Something in the marketing for Werner Schwab's Dead at Last, No More Air made me think it might be a neat counterpoint to Andy's work: confrontational, vituperative, furious with theatre for inspiring not change but polite indifference. I wanted to love it, or at the very least get into a mud pit and wrestle with it. Instead, I dutifully watched the first quarter, trying to figure out why everyone stood declaiming, why no one seemed to understand what they were saying, or if they did why they interpreted everything so literally, why the whole thing seemed so embarrassed and clumsy; spent the next quarter persuading myself that almost nothing would have looked good after what I'd seen the night before, Ivo van Hove's trenchant and astonishingly well-acted A View from the Bridge at the Young Vic, reminding myself that this is the fringe and they probably hadn't had enough rehearsal time, fantasy casting the Secret Theatre ensemble in the roles, and wishing Sean Holmes had been brave enough to tackle this instead of Woyzeck; and spent the final half pretending to make copious notes to write an erudite review but actually taking the opportunity to get some work done. I was obnoxious. But fuck it: from what Andrew Haydon says about Schwab, maybe so was he.

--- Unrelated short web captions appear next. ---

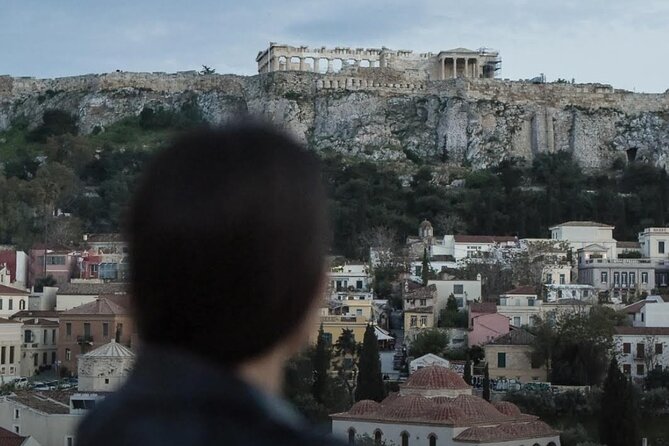Rooftop Bar Hopping in Downtown Athens - Stop Three: Final Shot, Last Views, and a More Relaxed Finish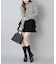 【one after another】フリルミニスカート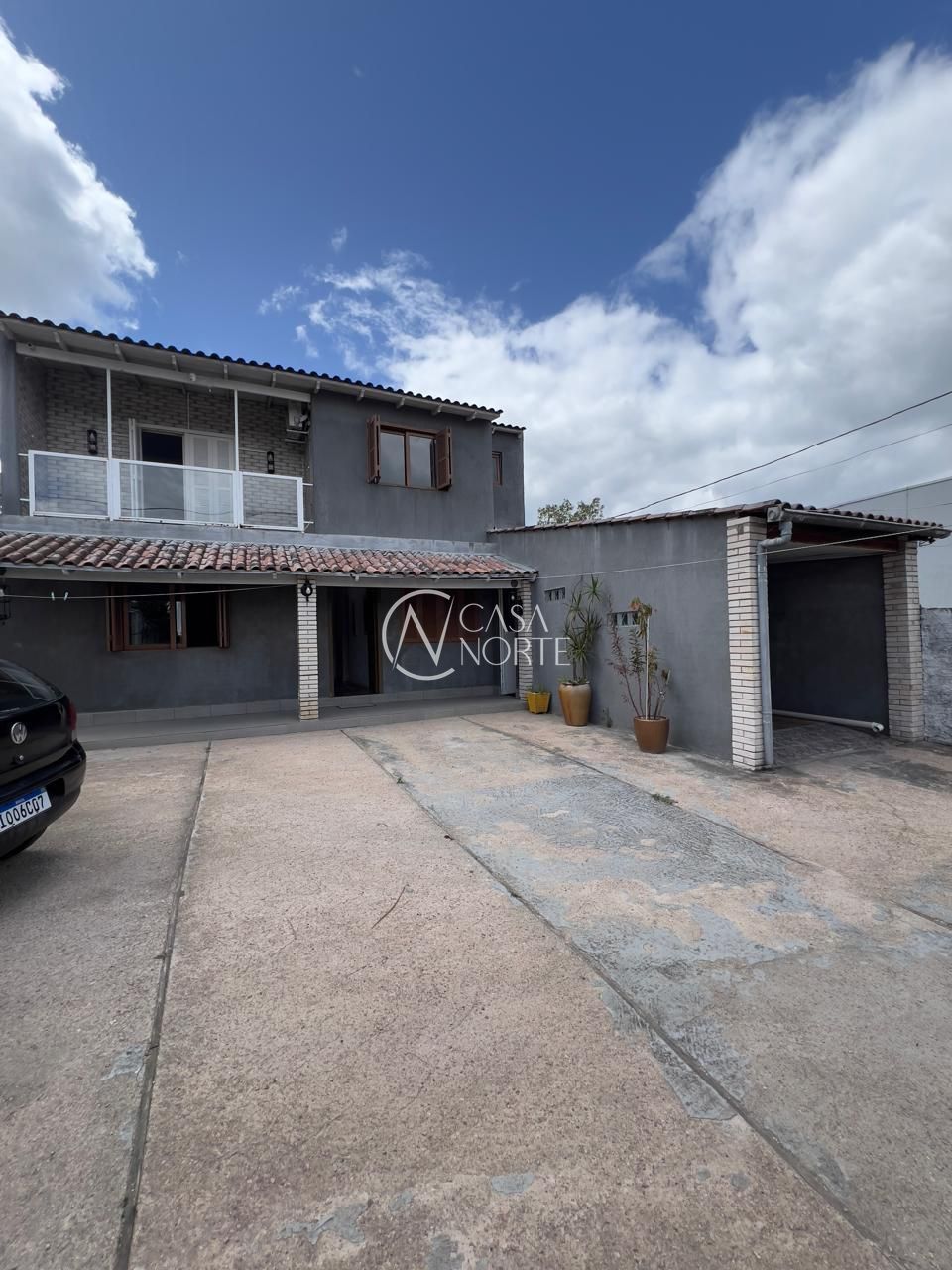 Casa à venda com 4 quartos, 190m², 1 suíte, 4 vagas, Rua Bela Vista no bairro Restinga em Porto Alegre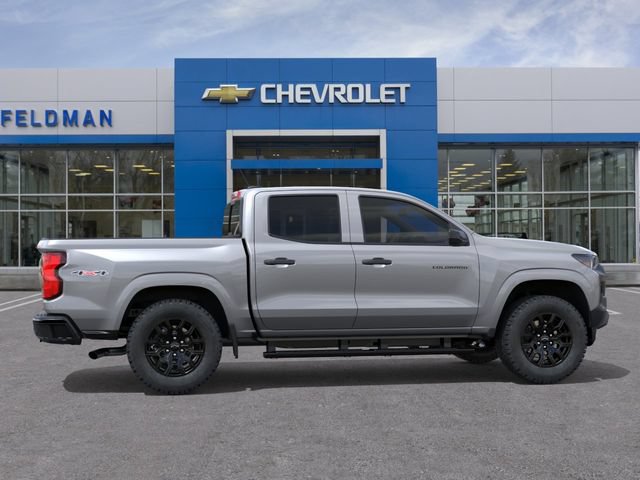 New 2026 Chevrolet Colorado W/T w/ WT Custom Package AWD/4WD image 5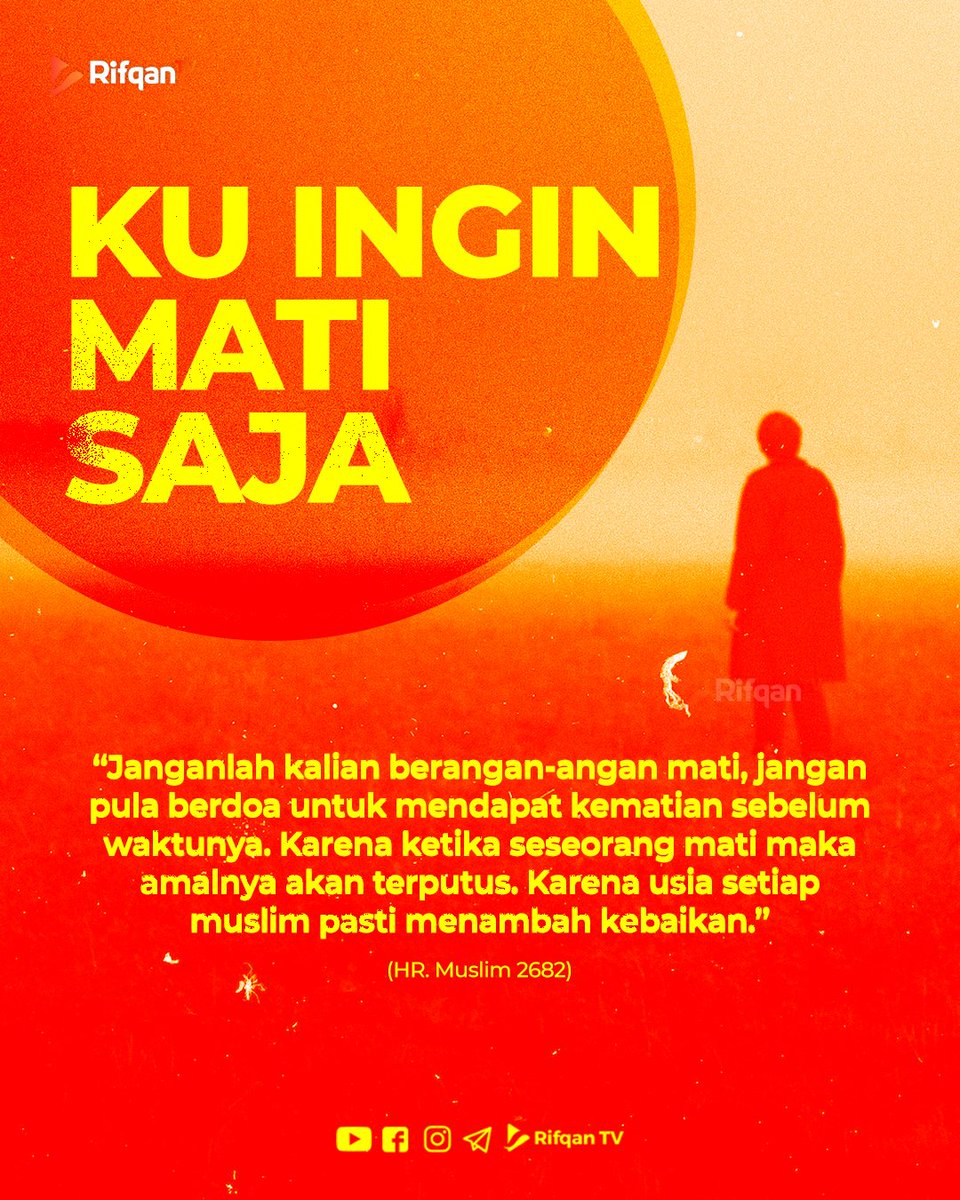 rifqantv's tweet photo. #mati #kematian #kebaikan #amalsholeh #beramal #bertaubat https://t.co/RfuKlZh85N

I've been trying to read the text, seeking out the punk-rock and the Einsturzende Neubauten and the young and drunk and rumbustious in it, but can't find it in the laboured superfluity of language on the page, either. It reminds me of trying to read Ubu Roi and thinking it was pants. That was after seeing a production at the Young Vic that had Ubu and his wife like grotesque dolls in a too-small toy palace, leering and cackling while a lugubrious foley puppeteer enacted grisly deaths using graters, whisks, rolling pins and vegetables: I remember it still, maybe 15 years later, as one of the most stomach-churning, thrilling pieces of theatre I've seen.

Dead at Last had a decent stage concept: most of the air in the space was pressed out by a pile of black inflatable mattresses (so much hot air), as imposing and comical as the balloons in Martin Creed's Half the air in a given space; at the end, with the death of the theatre director, they all deflate. But a single concept doesn't make theatre. Or militate against verbiage.

*

I shouldn't be doing this.

I shouldn't be doing this.

I shouldn't be doing this.

But...

1 comment:

  1. Interesting on Dead At Last... I never got to see it in the end, and I also found the text a bit on the bloody side. I do think it may have *a lot* to do with translation, though -- both linguistic *and* cultural. I mean, even the English title "Dead at Last, No More Air" isn't as good as the German "Endlich tot, endlich keine Luft mehr" (endlich being roughly "finally"). Just the weighting of the phrases, the elegance of the German compared with the monosyllabic grunts of the English... The German sounds (to me) how Beckett made English sound. With translation you can have the words and meaning, but the elegance is harder to come by while still retaining sense?